For the first time ever, the Sampson County Board of Elections is a four-person group and leading the new-look board will be Democrat Horace Bass, the longest-tenured member.
Bass has served on the Sampson County Board of Elections for nearly seven years, appointed on July 28, 2011. He has served under five different chairs in that time. This is his first stint as the leader of the board, and he will be guiding a four-person panel, a bipartisan look ushered in with changes at the state level.
Along with Bass, the reorganized Sampson County Board of Elections includes fellow Democrat G.H. Wilson, a newcomer to the board, and Republicans Danny Jackson and Quincy Edgerton, previously a part of a three-member board with Bass. Members unanimously voted Bass as chair and Jackson as vice-chair during a short meeting Monday.
The board is expected to remain this way until July, potentially July 2019, Sampson elections director Ashley Tew noted.
“When I came on, I was a precinct chief judge. I took James Hall’s place on the board,” said Bass, who has served under chairmen Ted Lockerman, Dwight Williams Jr., Sylvia Thornton, Jackie Hall and Jackson. “I’ve been around quite some time.”

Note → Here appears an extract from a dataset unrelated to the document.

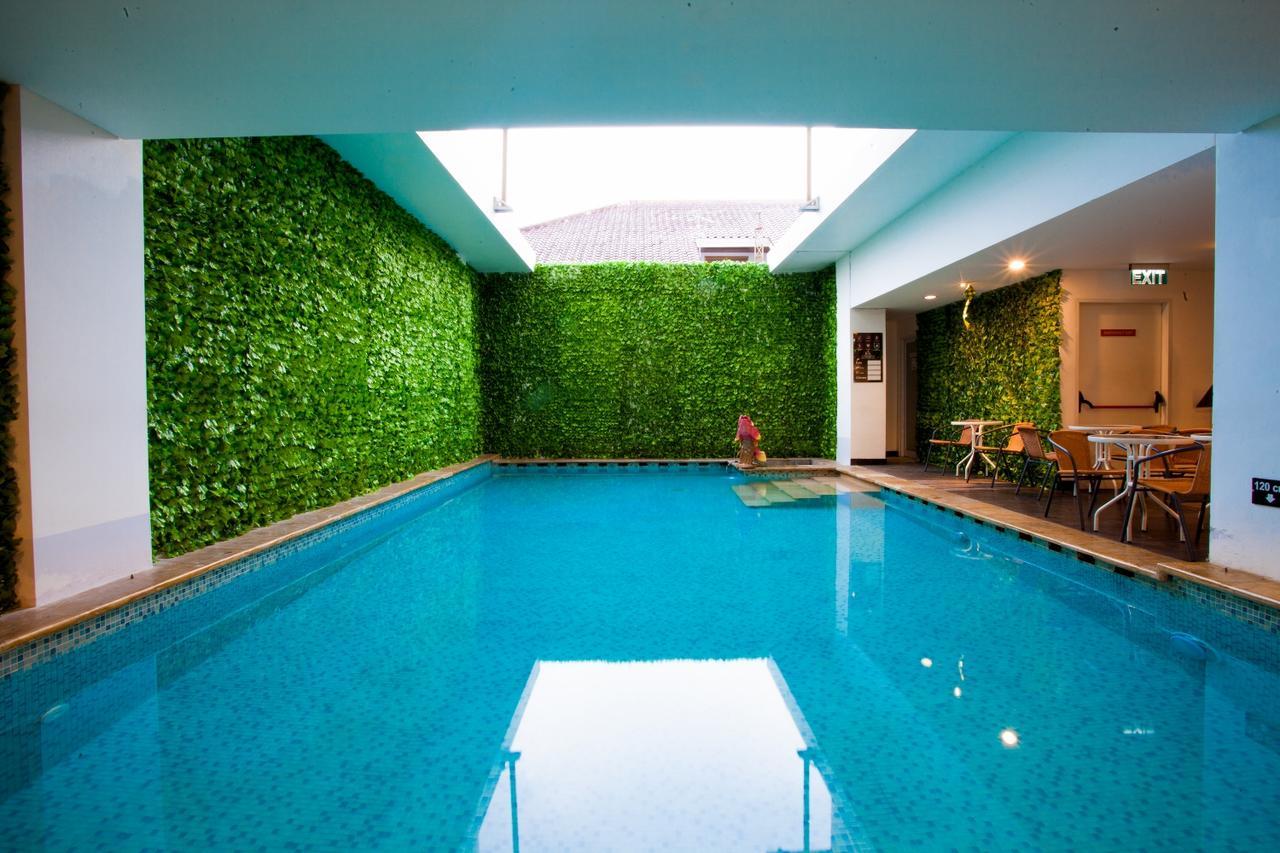 Maestro Hotel Kota Baru Pontianak Esterno foto
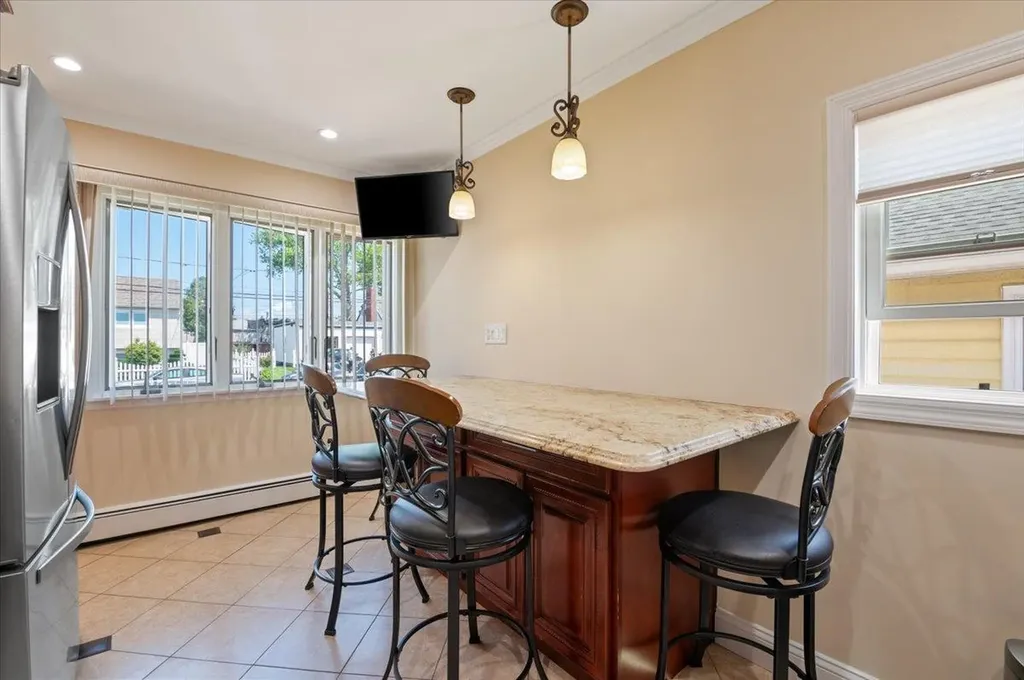 918 Clay Street Baldwin NY 11510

The bipartisan State Board of Elections & Ethics Enforcement is the state agency charged with the administration of the elections process, as well as campaign finance, ethics and lobbying disclosure and compliance. The agency, created last year by the General Assembly, resulted from the merger of the former State Board of Elections, State Ethics Commission and the Lobbying Compliance Division of the Secretary of State’s Office.
The agency is overseen by a nine-member board — four Democrats, four Republicans and a member not affiliated with either of those parties. Lawmakers rolled class size funding, elections and ethics board issues and Atlantic Coast Pipeline funding into one bill, prompting Gov. Roy Cooper to seek a preliminary injunction against Part 8 of HB90.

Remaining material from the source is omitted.